Powerful closing message charges young people to be agents of change

by Emily Enders Odom | Presbyterian News Service

Confetti rains down on Presbyterian Youth Triennium participants at the end of Saturday's closing worship. (Photo by Gregg Brekke)

Confetti rains down on Presbyterian Youth Triennium participants at the end of Saturday’s closing worship. (Photo by Gregg Brekke)

WEST LAFAYETTE, Ind. – It was a sending like no other.

From the opening call to the closing benediction and commissioning—exploding in a surprise shower of colorful confetti—Saturday morning’s worship at the 2016 Presbyterian Youth Triennium was a fitting close to an event intentionally designed to send young people out to change the world.

In her opening greetings, the Rev. Dr. Jan Edmiston, Co-Moderator of the PC(USA) 222nd General Assembly (2016), echoed the week’s theme of “Go” in her bold charge to Triennium’s nearly 4,700 youth participants.

“I’ve seen God right here in all of you and I hope that you will go out and do amazing things that show the love of God,” Edmiston said, speaking both for herself as well as PC(USA) Co-Moderator, the Rev. Denise Anderson, who was unable to be present but sent her love.
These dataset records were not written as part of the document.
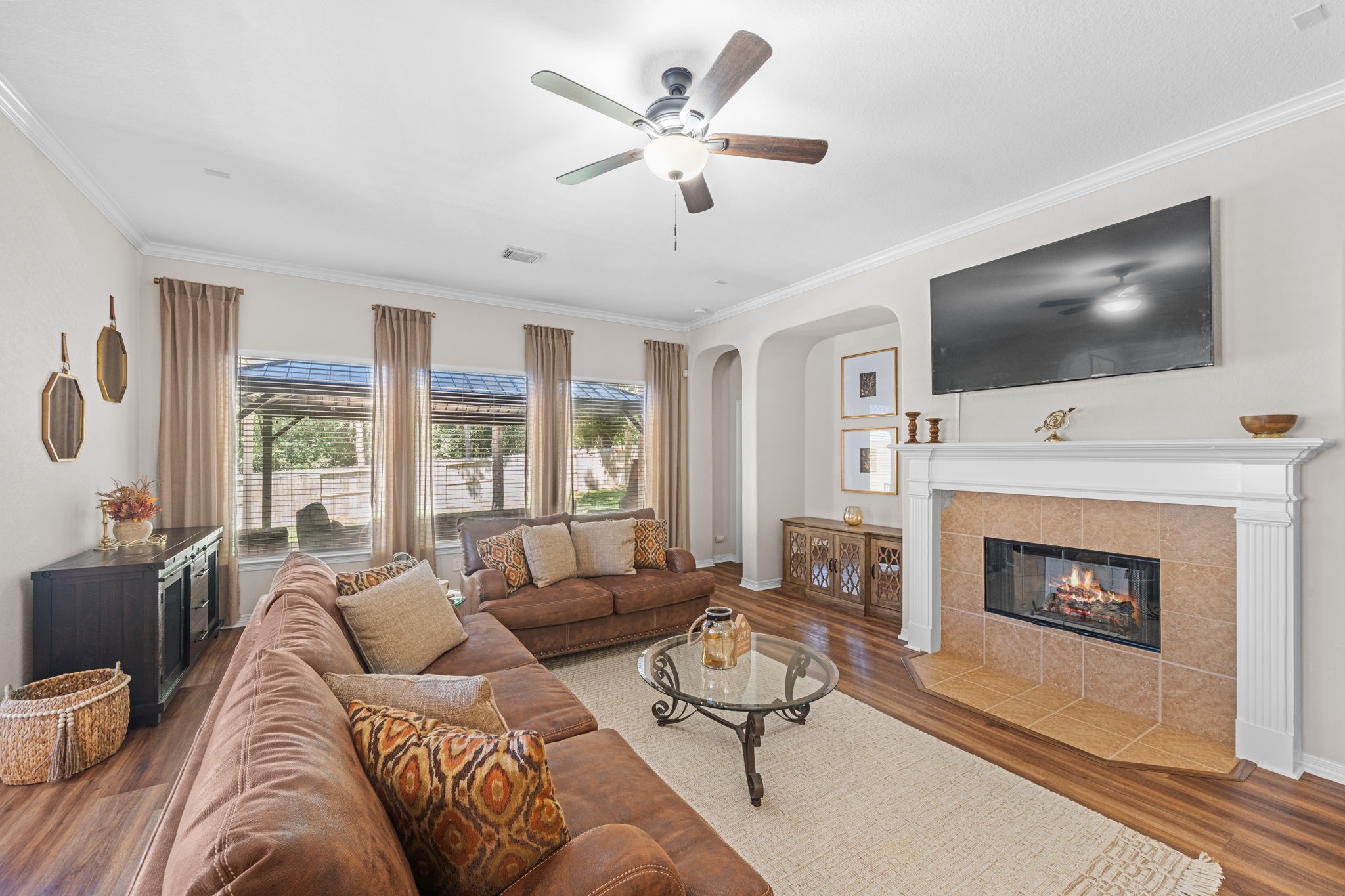 2153 Summit Mist Drive Conroe, TX 77304 - Photo 10 of 50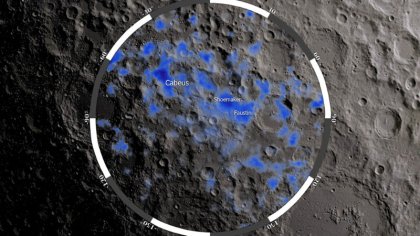 NASA da a conocer que hay hielo en los polos de la Luna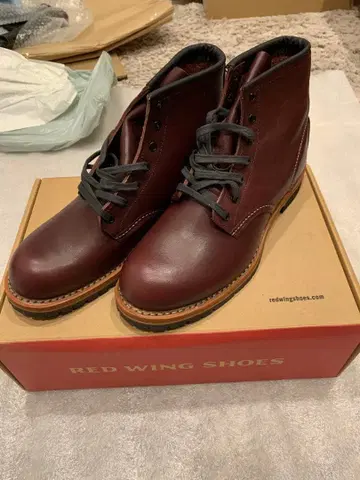 RED WING 9011 블랙 체리 미사용품?
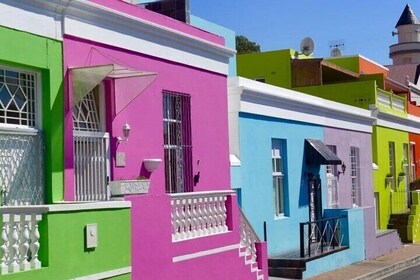 PRIVATE TOUR:Half Day Table Mountain,Bo-Kaap, Museums and Beaches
“One of the things that Denise and I are hoping that you will think about—and this is kind of hard,” she continued, “is what breaks God’s heart in your neighborhood, your town, your city, your school. In order to notice what that is, you’ve got to keep your eyes, ears, and hands open; and our hope would be that you would address whatever that it is. Maybe it’s bullying, addiction, loneliness, depression—maybe it’s people who feel that they’re not loved and they don’t belong, but they really do and they just haven’t heard that good news yet. That is my hope for you, that you would address those things in the name of Jesus Christ.”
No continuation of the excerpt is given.